私は、次の4月には、医者が言った、余命のピリオドです。でも、キャリアの人たちも、私と同じ被害者なんです。一緒に戦ってきましたし、今後も戦っていきたい。
北海道訴訟37番さん
 私たち原告は、年内基本合意を目指し、12月22日を特別な日と思い、東京での行動に参加してきました。超党派の要請書を出していただくところまできました。国は同じ土俵に乗っていないと佐藤団長がおっしゃっていました。私は、和解協議に立ち会って、初めてそれが分かりました。私たちは、彼らの土俵で戦っていました。彼らは、私たちを見ていませんでした。自分たちが加害者だと思っていないし、私たちに賠償しようとも思っていなかったことが分かりました。そんな人たちに、キャリアの苦しみを分かってほしいと言っても、分かってもらえないのだと言うことも分かりました。人間の体にウイルスが入り込んで、何も変わらないなんて言うことはあり得ない。感染したことに対する責任を分かってほしいと思いました。重篤な方とキャリアの方の差を、切り捨てのないようにやっていこうという原告団の思いを崩すことはできない。
北海道訴訟原告木越さん
 匿名原告でしたが、実名公表した方が、被害者としての思いが伝わるかと思い、実名を公表致します。ここに貼っているのは、国会議員の先生方からの解決を求めるメッセージです。

Q:木越さん、感染判明の経緯、提訴の経緯を教えてください。
A:8年前の会社の健康診断で、東京で慢性肝炎といわれた。江別に戻って1ヶ月入院した。東京に戻らなくていい、札幌に配置転換といわれた。その半年後に会社を首になった。ゼフィックスをバラクルードに変えた瞬間、肝臓の数値が1000を超えた。そのときに、会社都合でいいからやめてくれと言われた。その後、インターフェロンを読んだ。新聞で裁判のことを知り、8月に提訴しました。
Q:27日の期日を入れた部分の趣旨は?
A:(弁護団)裁判所としても年内解決の可能性はあるという前提で、裁判所の考えも言えるならば言うということだった。
「原告の皆様は、何とか年内というお考えは強いと伺っていますので、来週にでも期日を入れたいと思います。27日だったら裁判所も対応できます。その27日にそれこそ和解に向けての裁判所の考えを提示することも視野に入れた双方の環境整備をなおご尽力いただきたい。」という発言だった。

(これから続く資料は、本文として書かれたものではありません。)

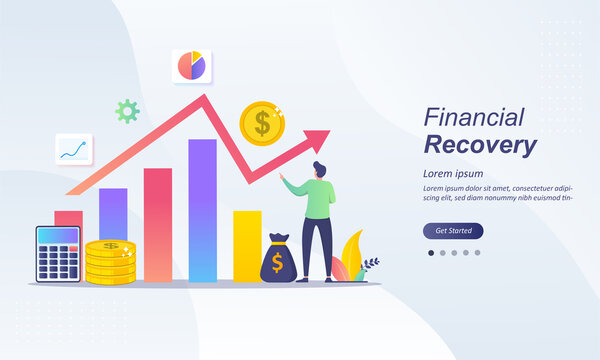 Economy recovery after coronavirus crisis, stock market was stopped by covid-19, financial growth up uitable for web landing page, ui, mobile app, banner template. Vector Illustration 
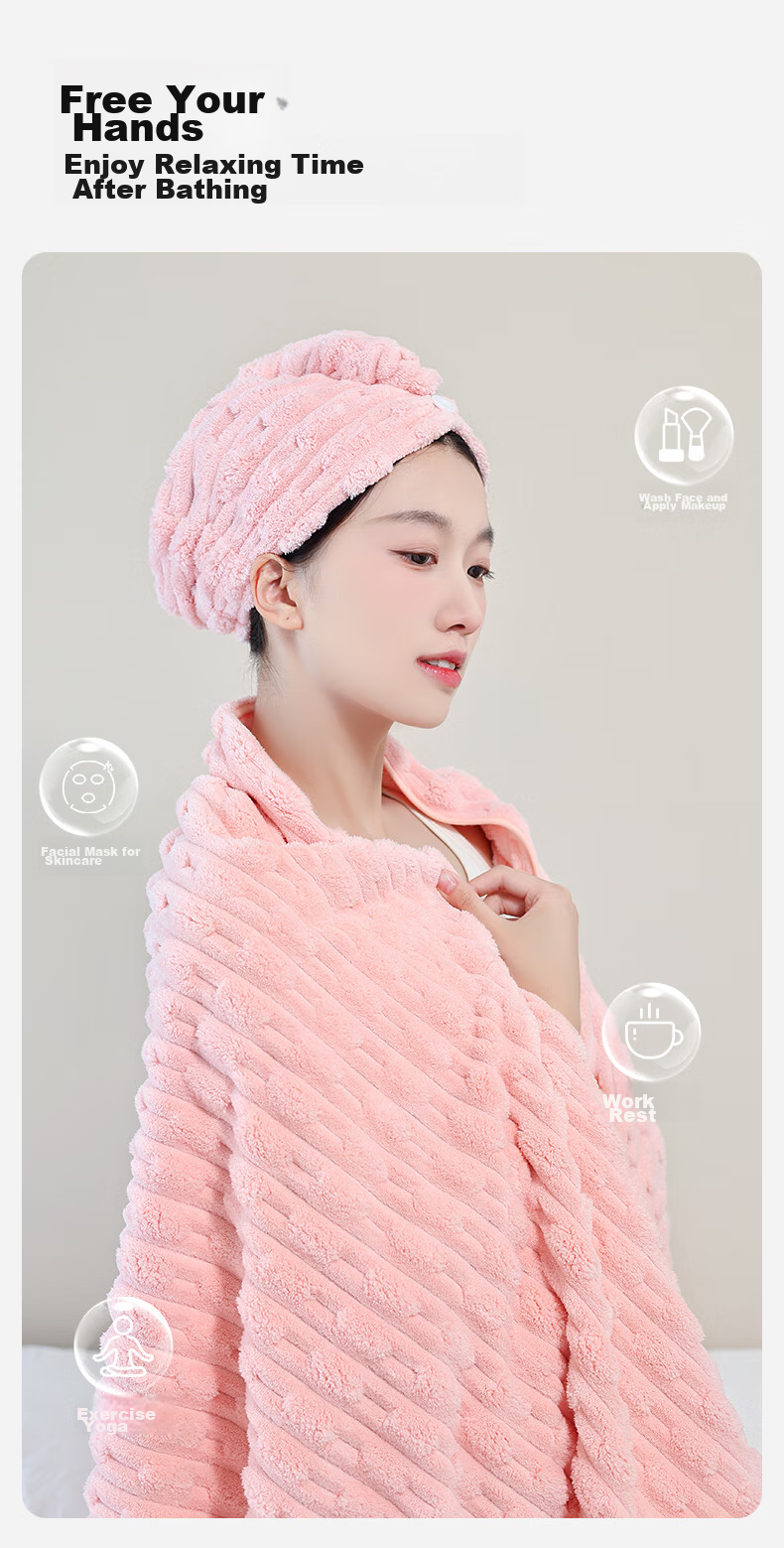 MINISO Hair Drying Cap, 5A Antibacterial, Absorbent, Quick-Drying, Hair Towel, Head Wrap, Shower Cap, Hair Drying Towel, Blue 13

 私たちは、ただ単純に期日を入れればいいというものではない。4点について検討してきてほしいと言うことを前提で期日を入れた。
Q:今の裁判所の考えとは、所見と言うことか。
A:そういうことを含むと考える。
Q:国側が歩み寄りをしない場合は、所見を示し、一定の解決の方向性を示すと言うことか。
A:あり得ると言うことだと思う。
Q:政治決断がないと年内合意はないという情勢か。
A:そうだ。
Q:明日以降の行動予定は?
A:明日全国の原告が集まり、あさって、クリスマスイブは、12:00官邸前、15:00銀座マリオン前、17:00も官邸前(キャンドル行動)の抗議行動の予定。
Q:次回16:30ということだが、30分で進展するのか。
A:エンドは区切っていない。17:00で終わりということではない。

佐藤弁護団
 国も、早期に和解をしたいということで和解協議がもたれているが、2度、3度と空転している。国が、裁判所を通じて、この問題の解決水準を切り下げようと考えているのであれば、言語道断といわざるを得ない。裁判所としても、そのような立場で和解を進めてもらっては困る。
 国はいろんな情報をマスコミの皆さんに流しているようだが、私たちは、和解の場で提案を受けていない。被害者が受けた被害に見合う解決が何なのか、その合意形成が必要だと思っている。しかし、国が、提案をなぜ公にできないのか、疑問だ。私たちの求めている解決水準が社会的に相当なものかが議論の場にでることが大事なので、4点の検討を求め、それを議論する場として27日の期日を受けた。
 和解協議は、社会的に相当な解決水準が何か、議論できる場であってほしいし、裁判所にはうまく仕切ってほしい。